6. Дальний Восток и интересы России

Остается сказать еще о том, что имело место на Дальнем Востоке. Переселение в Сибирь начинается с того момента, когда начинает прокладываться Великая дорога — Транссибирская магистраль. Прокладывать ее начал граф Витте, и эта колоссальная дорога от Урала до Владивостока была проложена за смехотворно короткий срок в несколько лет. Она и сейчас является основной трассой. Трудно себе представить, но даже сейчас современный поезд идет от Москвы до Владивостока 6 или 7 суток.

Дорога эта прокладывалась весьма любопытно. Во-первых, стимулировалось переселение в Сибирь малоземельных крестьян. Они получали там весьма значительную землю и возможность вести хозяйство, для чего обязаны были отработать какое-то время на строительстве железной дороги. Но работать они должны были только в том месте, где поселились, а не ехать за железнодорожниками все дальше и дальше от дома. К строительству привлекались ближайшие деревни, но не насильственно: мужикам было {95} выгодно подвозить песок или работать лопатой. Когда рельсы прокладывались, и строители продвигались дальше, подключалось население следующей деревни — такова была традиция вообще при строительстве дорог, так было и в Сибири. Дорога эта прокладывалась фактически для двадцатого столетия, она стала основной магистралью, но которой пошли полезные ископаемые из Сибири.

Вторая проблема — внешнеполитическая. Русская торговля и промышленность начинают быстро обживать северную часть Китая, подходящую к границе, в частности Манчжурию. Русский элемент начинает проникать туда чрезвычайно активно, и до конца 1930-х годов, когда там появились коммунисты, русская эмиграция чувствовала себя в Харбине и других городах как дома. Вскоре в орбиту русских интересов попала и Корея, что привело к столкновению с Японией, поскольку это островное государство, не имевшее собственных источников сырья, претендовало на Корею как ближайшую к ней материковую землю. Это столкновение интересов и привело к Русско-японской войне.

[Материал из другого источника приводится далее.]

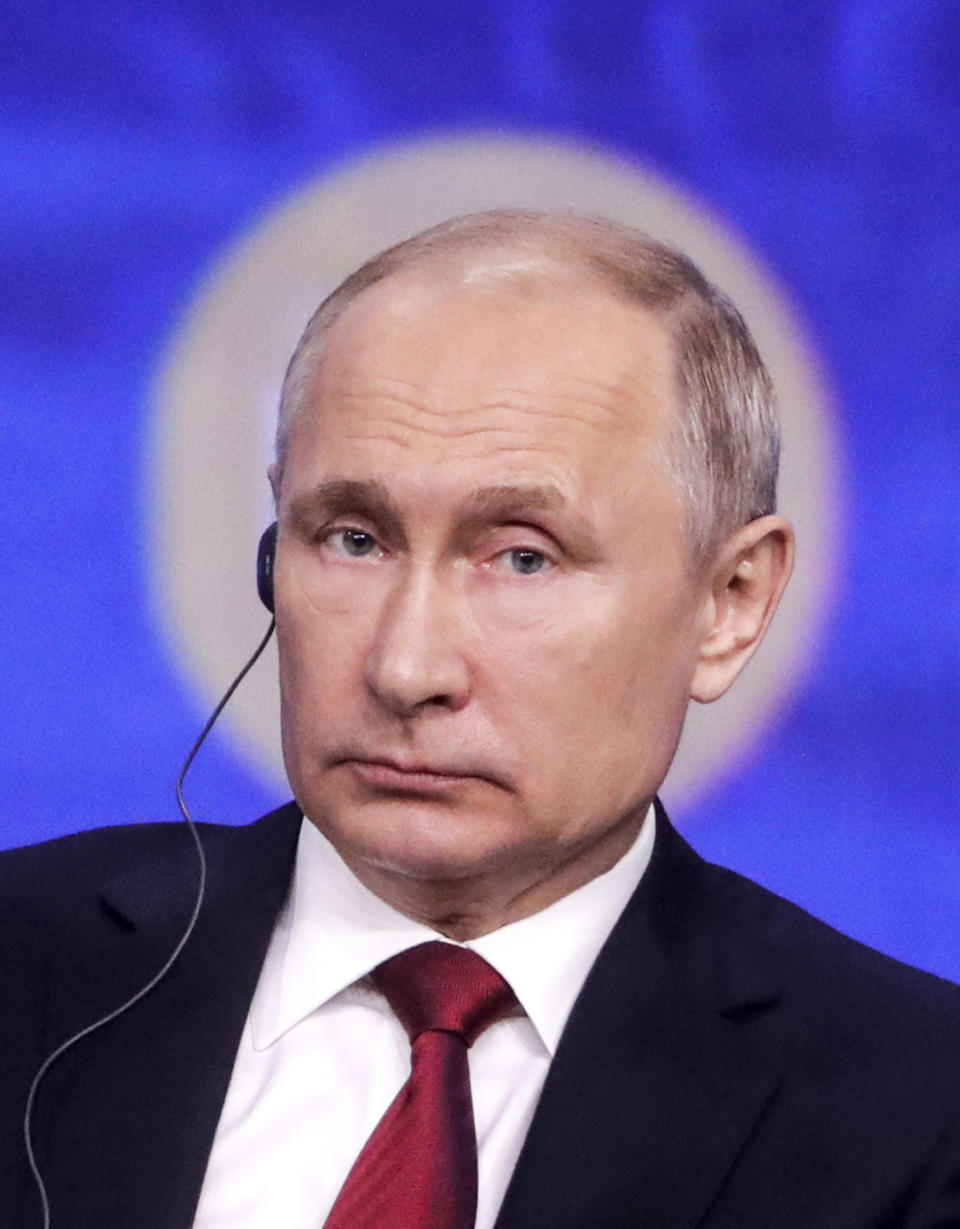 Russian President Vladimir Putin gestures as he addresses the St. Petersburg International Economic Forum in St. Petersburg, Russia, Friday, June 7, 2019. (VMikhail Metzel/TASS News Agency Pool Photo via AP)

Владивосток был замерзающим портом. Порт незамерзающий был получен в результате договора с Китаем, отдавшим нам в аренду на десятки лет Порт-Артур — незамерзающую гавань, правда, со сложностями прохода с внутреннего рейда на внешний и наоборот вследствие океанских приливов и отливов. Туда была подведена дорога, стал строиться русский торговый город Дальний.

Япония была молодым государством, полностью милитаризованным и готовым защищать свои интересы. У нас же кроме торговли и некоторой промышленности на Дальнем Востоке не было ничего, флот приходилось гнать вокруг всего земного шара (вокруг Африки, через Индийский океан и т. д.). Индустрии настоящей там не было, следовательно содержание армии и флота зависело от железной дороги или от морских путей, и это был слишком дорогостоящий вариант.

Не буду рассказывать историю этой войны — существует немало художественной и исторической литературы (роман «Крейсер «Варяг» Сергеева, «Порт-Артур» Степанова и т. д.), где достаточно точно излагается ход событий. Можно почитать и мемуары графа Витте, где автор превозносит свои дипломатические успехи: он сумел заключить мир с Японией, отдав Курилы и половину Сахалина. Эту войну вел фактически Забайкальский округ своими силами, и вел плохо. Реального представления о том, что происходит, не было ни в Генеральном, ни в Морском штабе. И как воевали (хотя там было немало героических страниц), так и вели дипломатические переговоры, не позаботившись узнать: а что, собственно, происходит с Японией? Япония, несмотря на все победы, находилась на грани экономического краха, и через несколько месяцев, японцы, вероятно, сами пошли бы на мирные переговоры.